Se esforzó por ver al otro lado del patio de la prisión. La niebla se había espesado y ya no podía ver la valla que los rodeaba. Al menos la lluvia había amainado.
—Medianoche —dijo en voz baja al mirar el reloj. Llevaba diecinueve horas despierto. En una hora terminaría su turno de guardia e irían a sustituirlo. Y lo estaba deseando. Solo había podido dormir tres horas la noche anterior, pero tenía la sensación de que no debería dormir, esa noche no.
De repente sintió una gran soledad, incluso melancolía. Se estremeció cuando un escalofrío le subió por la columna y el desamparo dio paso a un miedo frío e inexplicable.
Mick dormía cuando lo encontró uno de los guardias y le dio la noticia. Habían cogido al ladrón, al responsable de robar la comida desaparecida. Se levantó de un salto de la cama y se vistió, después siguió al hombre hasta la despensa con la cabeza todavía envuelta en brumas.
Al entrar en la cafetería, vio al hombre sentado a una mesa, lo vigilaba el guardia armado que había estado haciendo la ronda en la despensa. No le sorprendió demasiado ver quién era, debería haberlo sabido ya. Una sensación de odio y desprecio lo invadió como una ola de calor.
El hombre de la silla era Stan Woods, el antiguo alcalde.
La cocina no había cambiado. Felicia había pasado allí mucho tiempo durante su niñez, hasta que su abuela murió. Después de eso, jamás había regresado a la casa.
La joven miró por la ventana que, en sus últimos sueños, dejaba pasar el sol a raudales. Esa vez afuera estaba oscuro como boca de lobo, salvo por unas extrañas luces a lo lejos, como si fuera un estadio o algo parecido. Su fascinación por las luces quedó interrumpida por una voz que sonaba en el exterior, era la voz de su abuela. Felicia siguió la voz hasta el porche trasero, donde su abuela, Isabelle Smith, miraba las luces.
—Corren peligro, Felicia. El mismísimo diablo rige su dominio.
Felicia se quedó mirando las luces, confusa.
—No lo entiendo, abuela. ¿El dominio de quién?
—El vuestro, cariño. Está allí ahora.
Felicia se quedó mirando otra vez las lejanas luces y de repente todo quedó muy claro. Las luces que había a lo lejos eran los focos que rodeaban la prisión. Estaban todas encendidas, como un faro que les mostrara el camino en la noche.
—Tienes que irte ya. Despierta de tu sueño y adviértelos antes de que sea demasiado tarde.

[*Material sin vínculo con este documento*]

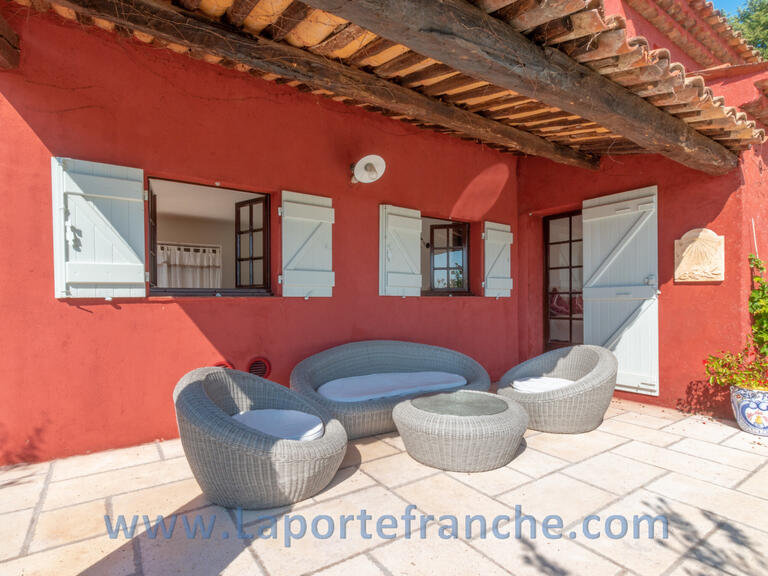 House Saint-Paul-de-Vence - 8 bedrooms - 210m²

—¿Quién, abuelita? ¿Quién viene?
—¡Una encarnación del propio diablo! No lo dejéis entrar. Adviértelos, Felicia. Avísalos ya. ¡Vete! ¡Corre!
La voz se desvaneció y con ella el extraño sueño.

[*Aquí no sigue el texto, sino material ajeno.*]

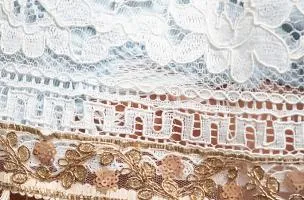 Mini abito estivo in pizzo Bangui, beige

Felicia se incorporó de golpe en el catre, de repente estaba completamente despierta. Izzy también estaba alerta, de pie junto a su cama. La niña temblaba de miedo, en sus ojos había una expresión de puro terror. El instinto maternal de Felicia tomó el control y la mujer atrajo a la pequeña hacia ella.
—Lo sé, Izzy. Ya lo sé. Tenemos que avisarlos.
El que tenía que sustituir a Jim, un hombre fornido conocido solo con el nombre de Griz, subió por la escalera de mano hasta la torre. Griz medía más de dos metros, tenía una gran barriga cervecera y un buen bigote. Se acercó lo más sigilosamente posible a Jim, que estaba apoyando en la barandilla y parecía intentar escuchar algo.